I have no interest in Rasmus Æreboe either.

He’s now standing here, holding a tallow candle and wanting my praise in order to rescue me. But I don’t want to be rescued. I’m done with running the gauntlet between tsars and Pharisees. Rather a public whipping at Torvet than the esteem of fools.

“Come with me, Sørine,” he says in his melodic voice.

I stay where I am, seated in my cell. Why does the human being think that his world is so attractive? Isn’t it possible that I feel better in the silence? Last night Terje visited me. He put his arm around me and called me his good wench, even though I had helped him on his way into the next world. Terje would never make an appearance in the Light. But in the Dark he came to me, bringing solace and relief. In the Dark he could slip away from God and whisper what he hadn’t been able to say when he was a scoundrel here on earth.
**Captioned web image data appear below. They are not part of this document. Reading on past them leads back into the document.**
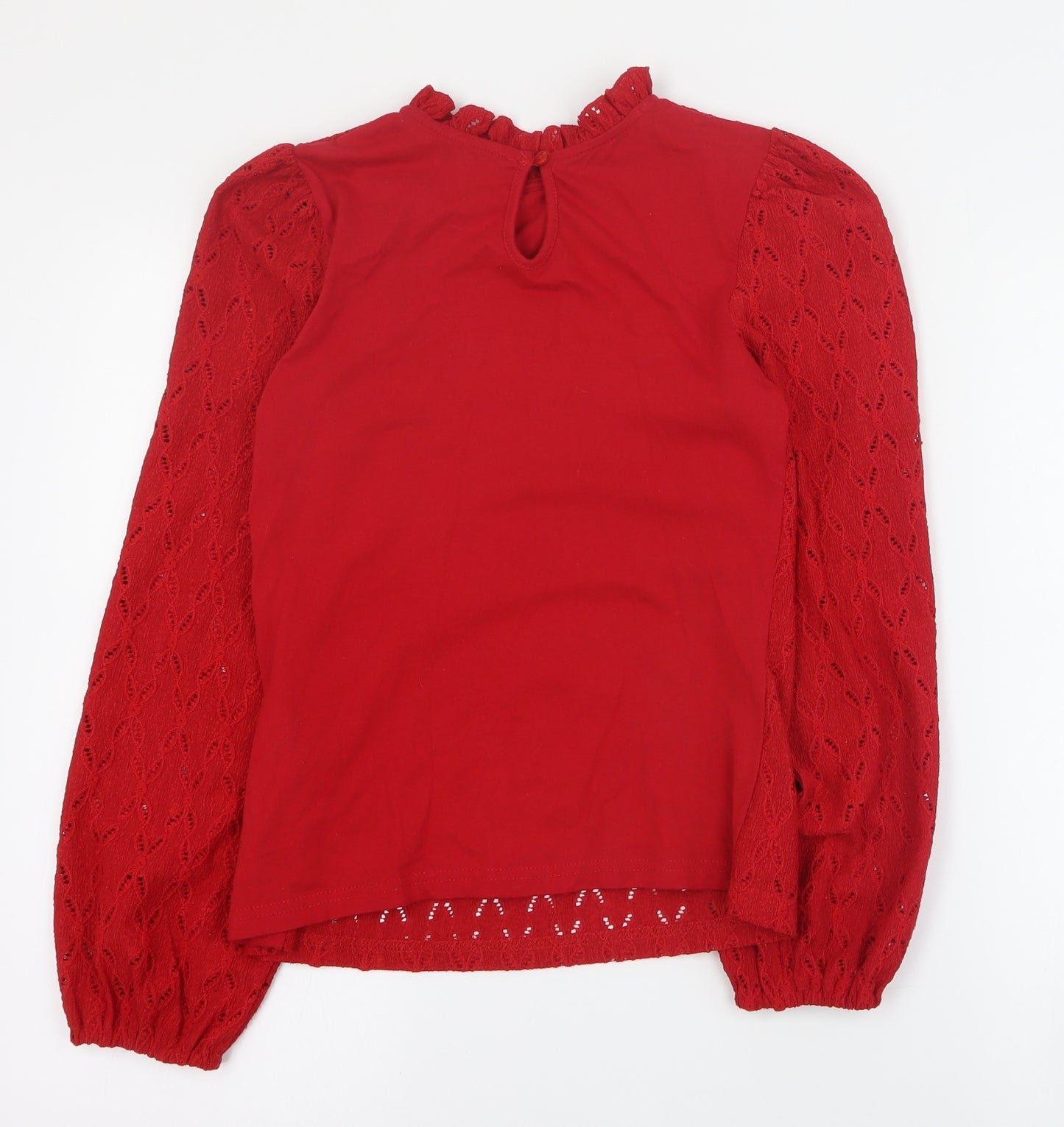 Dunnes Girls Red  Polyester Basic Blouse Size M Round Neck Button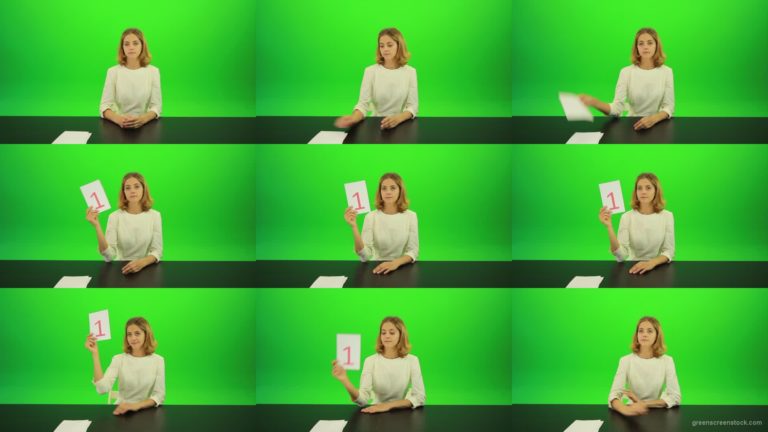 Blonde-girl-adult-gives-1-one-point-mark-score-Full-HD-Green-Screen-Video-Footage Green Screen Stock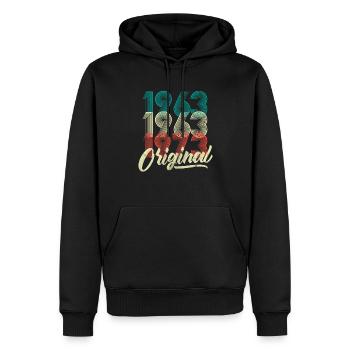 1963 Retro Style 60th Birthday Shirt - Sweat à capuche Premium bio Homme - noir - Devant - Nico (187cm)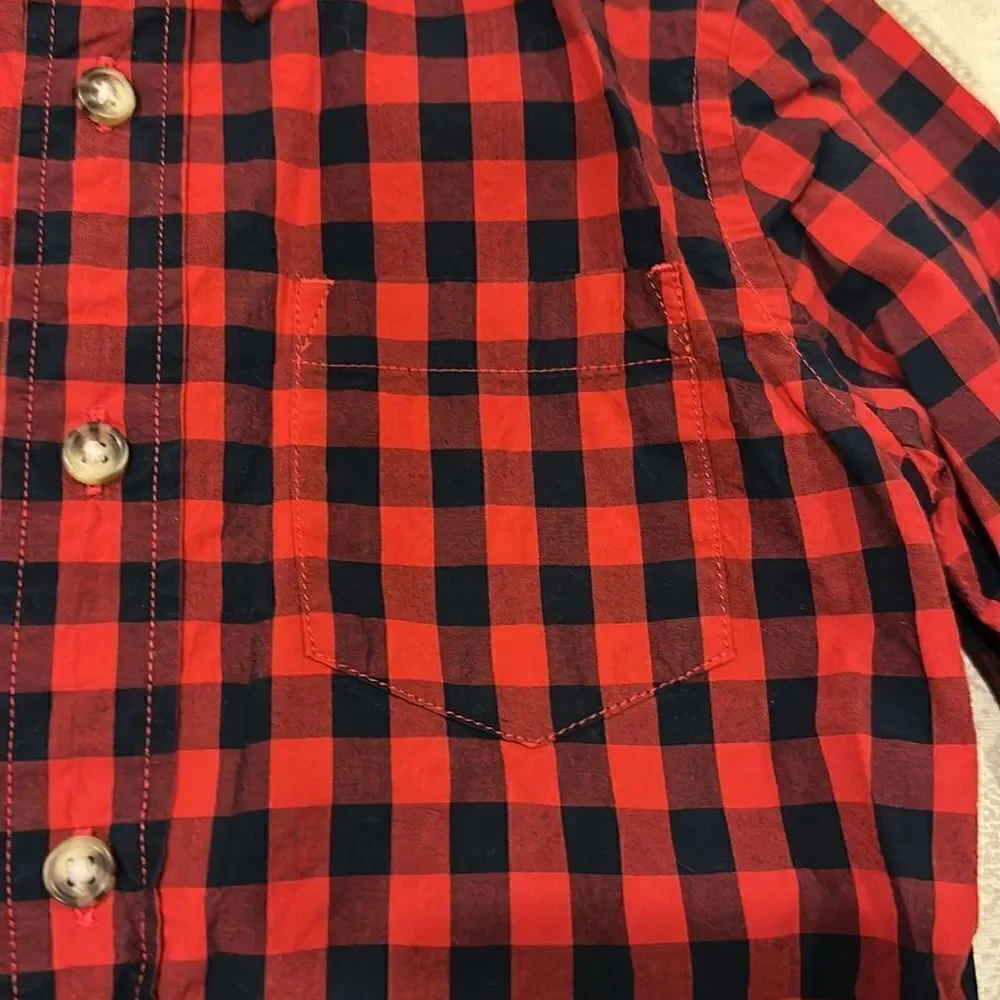Crewcuts Boys Red & Navy Checkered Button Down Shirt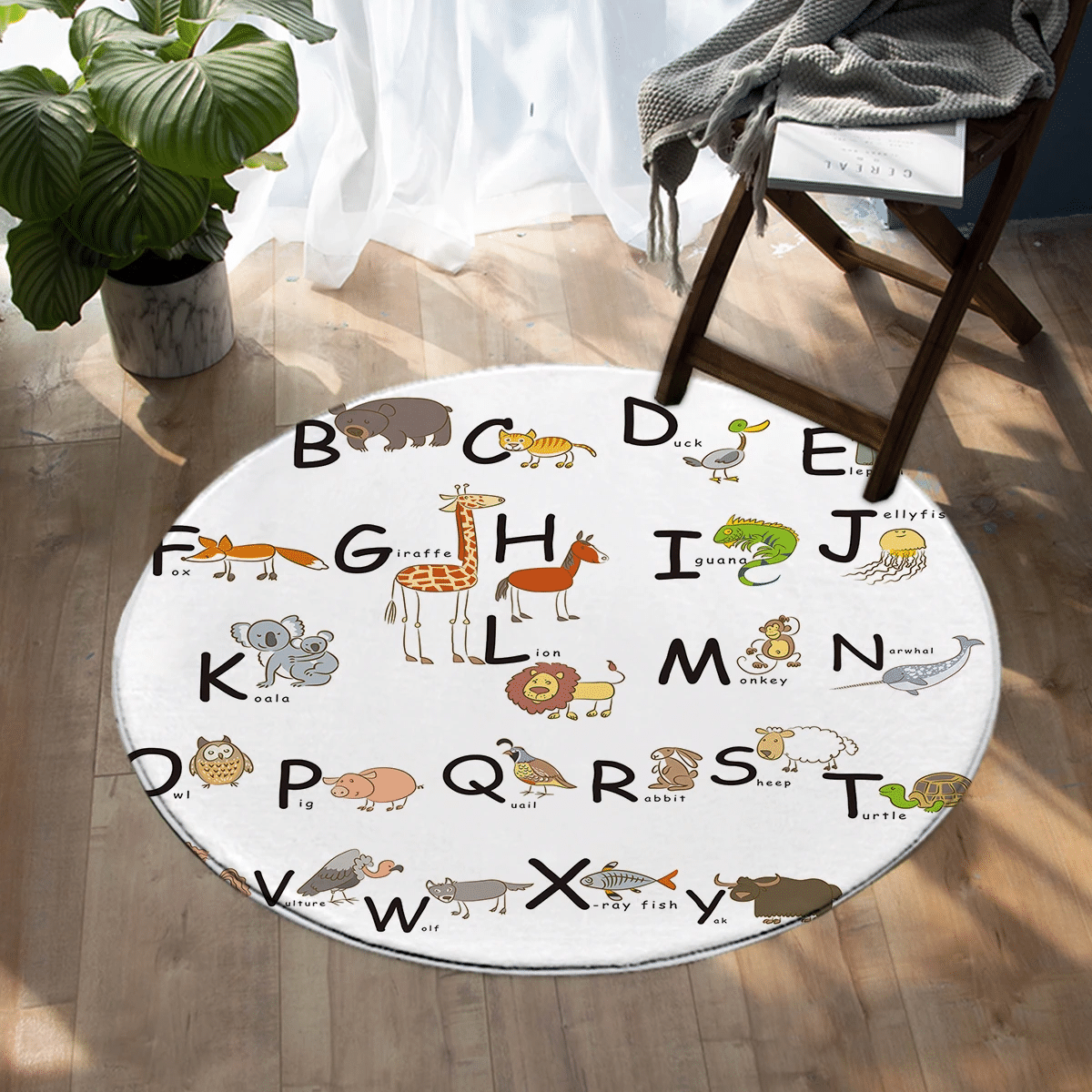 Animal Alphabet Rug Living Home Decor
“We have a new dress for you.” Rasmus Æreboe smiles. “You’re going to have a splendid visitor.”

He turns around, expecting me to follow him.

Dwarves are always supposed to be grateful. We’re supposed to be grateful for every crumb we receive—for every flatbed cart that does not run us over; for every axe that does not chop off our heads. Dwarves are supposed to be grateful to live in a world where seven-year-olds outgrow us!

“What’s going to happen?” I ask.

The cavalier beams mysteriously but doesn’t answer. His eyes are a lighter blue than I remember. In spite of the scar on his forehead there is something virginal about his face. Against my will I wonder whether Rasmus Æreboe is married; whether he has children and a wife; whether his home is an earthly paradise with wig stands, a Bible, and chamber pots made of faience—whether Rasmus Æreboe is a puppet, a human being, or something else.